As regular BOM readers may recall, Mrs T and I had our own taste of going the extra mile on that same snowbound February day:
"Whereas Tyler's, and many other, councils failed to keep the show on the road (Surrey's schools are still closed), the private sector ploughed on magnificently.
Mrs T, you see, has finally had it with her disintegrating held-together-with-string kitchen and is demanding a new one. So she'd arranged for a bespoke kitchen man to call on us at 11am yesterday.
Well, obviously he wasn't going to make it because Tyler Towers was under unfathomable feet of snow and our country road was blocked - no, really, with council gritters nowhere in sight.
But amazingly, just before 11, this Scott of the Antarctic figure appeared though the swirling snow, literally up to his knees in the stuff. He was wearing a bright yellow sailing survival suit and had walked for two miles down a snowbound lane to reach us.
And that my friends is the power of the market."
We naturally made sure Capt Scott's boss heard of his man's heroism, and how impressed we were. But I'll bet he got no special bonus.
Now it is true that the CPS is one of the very worst outposts of government. When the Public Accounts Committee looked at it, they found amateurish working practices, endemic incompetence, and gripless management (see this blog).
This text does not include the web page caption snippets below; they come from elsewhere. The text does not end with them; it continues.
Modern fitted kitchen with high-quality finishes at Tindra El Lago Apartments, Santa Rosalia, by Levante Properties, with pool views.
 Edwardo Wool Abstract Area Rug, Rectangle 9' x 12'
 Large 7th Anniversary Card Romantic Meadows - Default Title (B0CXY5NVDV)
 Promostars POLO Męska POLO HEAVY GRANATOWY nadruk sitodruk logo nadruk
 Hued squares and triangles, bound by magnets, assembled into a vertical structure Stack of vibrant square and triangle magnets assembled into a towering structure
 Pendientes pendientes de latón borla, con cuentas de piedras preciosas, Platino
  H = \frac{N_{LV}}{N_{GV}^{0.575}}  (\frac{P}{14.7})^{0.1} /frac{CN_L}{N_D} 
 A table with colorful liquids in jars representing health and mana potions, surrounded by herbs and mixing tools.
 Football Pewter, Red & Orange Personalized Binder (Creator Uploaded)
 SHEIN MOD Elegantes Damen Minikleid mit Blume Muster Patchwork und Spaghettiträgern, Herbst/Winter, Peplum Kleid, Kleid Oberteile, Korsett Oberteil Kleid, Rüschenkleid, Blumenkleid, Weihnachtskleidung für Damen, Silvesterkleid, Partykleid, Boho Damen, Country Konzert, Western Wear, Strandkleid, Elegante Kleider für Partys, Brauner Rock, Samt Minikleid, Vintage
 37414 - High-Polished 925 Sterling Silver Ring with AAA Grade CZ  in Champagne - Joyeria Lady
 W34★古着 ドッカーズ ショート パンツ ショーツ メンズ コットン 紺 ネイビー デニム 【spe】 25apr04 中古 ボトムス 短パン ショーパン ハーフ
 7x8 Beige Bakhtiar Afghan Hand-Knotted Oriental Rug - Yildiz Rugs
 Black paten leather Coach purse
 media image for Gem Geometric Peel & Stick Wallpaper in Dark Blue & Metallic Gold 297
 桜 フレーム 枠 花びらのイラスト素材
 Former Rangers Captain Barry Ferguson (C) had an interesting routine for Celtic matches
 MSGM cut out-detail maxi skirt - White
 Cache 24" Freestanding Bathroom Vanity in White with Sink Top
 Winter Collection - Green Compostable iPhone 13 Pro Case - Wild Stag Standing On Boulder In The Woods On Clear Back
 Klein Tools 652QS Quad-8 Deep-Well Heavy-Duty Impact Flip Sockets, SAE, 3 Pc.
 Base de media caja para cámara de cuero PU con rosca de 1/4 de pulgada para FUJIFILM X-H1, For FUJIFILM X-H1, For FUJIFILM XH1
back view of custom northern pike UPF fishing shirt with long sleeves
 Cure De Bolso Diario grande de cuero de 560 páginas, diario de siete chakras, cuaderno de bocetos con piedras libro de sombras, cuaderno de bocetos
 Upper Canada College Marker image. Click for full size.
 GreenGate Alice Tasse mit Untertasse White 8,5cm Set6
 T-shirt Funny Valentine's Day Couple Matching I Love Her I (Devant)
Incomplete files, unanswered phones, uncontactable lawyers (never heard of Blackberries), and abysmal lack of urgency, are all taken for granted inside the CPS.
But as we've blogged many times, the public sector pays bonuses for all manner of things that are taken for granted by private employers. We reckon it costs us well over £1bn pa, and it's pretty well money down the drain.
And don't get me started on sickies. As we've noted many times, sick leave in the public sector runs about 40% higher than the private sector, and in some areas it's even worse: in the NHS it averages two-and-a-half weeks a year (against a private sector average of 7 days).
M'learned friend the Village Postmaster reckons extensive sick leave is ultimately a failure of management. In his own shop, just like at Tesco and many other leading retailers, nobody gets sick pay for the first three days, and unauthorised absenteeism is non-existent.
So that's two more items for George's list - bonuses and sickies. Abolishing public sector bonuses would save c £1bn pa, and cutting public sector sickies down to the private sector level would save another £3bn pa.
£4bn pa.
QED.
PS Talking of George, he's reportedly one of the intended targets of the obscene McBride/Drooper conspiracy so brilliantly exposed today by Guido. But what the Major and I want to know is WTF Brown hasn't immediately sacked McBride? Even he can't imagine we're happy supporting his low-life scumbag mates out of our taxes.